> **Supplied material**

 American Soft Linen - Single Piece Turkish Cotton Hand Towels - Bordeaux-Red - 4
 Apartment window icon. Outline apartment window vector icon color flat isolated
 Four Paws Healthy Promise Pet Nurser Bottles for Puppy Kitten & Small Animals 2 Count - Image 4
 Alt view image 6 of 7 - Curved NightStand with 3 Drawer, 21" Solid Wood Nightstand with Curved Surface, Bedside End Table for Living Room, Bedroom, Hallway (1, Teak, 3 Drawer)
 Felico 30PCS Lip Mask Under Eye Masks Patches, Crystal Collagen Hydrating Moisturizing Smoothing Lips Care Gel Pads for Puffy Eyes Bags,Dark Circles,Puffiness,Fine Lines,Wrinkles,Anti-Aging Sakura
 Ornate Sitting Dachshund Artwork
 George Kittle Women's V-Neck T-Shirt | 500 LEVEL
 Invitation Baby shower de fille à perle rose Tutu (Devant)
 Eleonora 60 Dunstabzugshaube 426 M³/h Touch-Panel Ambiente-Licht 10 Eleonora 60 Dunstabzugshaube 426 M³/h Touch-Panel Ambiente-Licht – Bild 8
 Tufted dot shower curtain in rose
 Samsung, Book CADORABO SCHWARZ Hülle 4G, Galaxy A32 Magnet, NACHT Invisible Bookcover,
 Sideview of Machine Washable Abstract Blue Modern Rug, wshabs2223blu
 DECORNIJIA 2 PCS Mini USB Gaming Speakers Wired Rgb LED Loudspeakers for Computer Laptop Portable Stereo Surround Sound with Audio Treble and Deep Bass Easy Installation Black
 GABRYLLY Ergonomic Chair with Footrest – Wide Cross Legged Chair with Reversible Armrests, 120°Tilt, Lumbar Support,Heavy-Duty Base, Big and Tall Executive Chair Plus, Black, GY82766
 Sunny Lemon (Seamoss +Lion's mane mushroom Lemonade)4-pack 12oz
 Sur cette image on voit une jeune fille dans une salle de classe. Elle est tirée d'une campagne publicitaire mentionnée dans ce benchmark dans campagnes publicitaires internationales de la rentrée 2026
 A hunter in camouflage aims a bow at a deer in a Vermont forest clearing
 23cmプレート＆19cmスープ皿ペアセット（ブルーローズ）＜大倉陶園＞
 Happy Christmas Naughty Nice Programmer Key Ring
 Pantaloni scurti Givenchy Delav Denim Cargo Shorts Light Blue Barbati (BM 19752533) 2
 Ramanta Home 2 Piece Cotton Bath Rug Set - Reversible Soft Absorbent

> **What you need to do**
Transcribe the records above from the line holding "Sideview of Machine" down to the line holding "DECORNIJIA 2 PCS", inclusive, without adding anything.

> **Response to this task**
 Sideview of Machine Washable Abstract Blue Modern Rug, wshabs2223blu
 DECORNIJIA 2 PCS Mini USB Gaming Speakers Wired Rgb LED Loudspeakers for Computer Laptop Portable Stereo Surround Sound with Audio Treble and Deep Bass Easy Installation Black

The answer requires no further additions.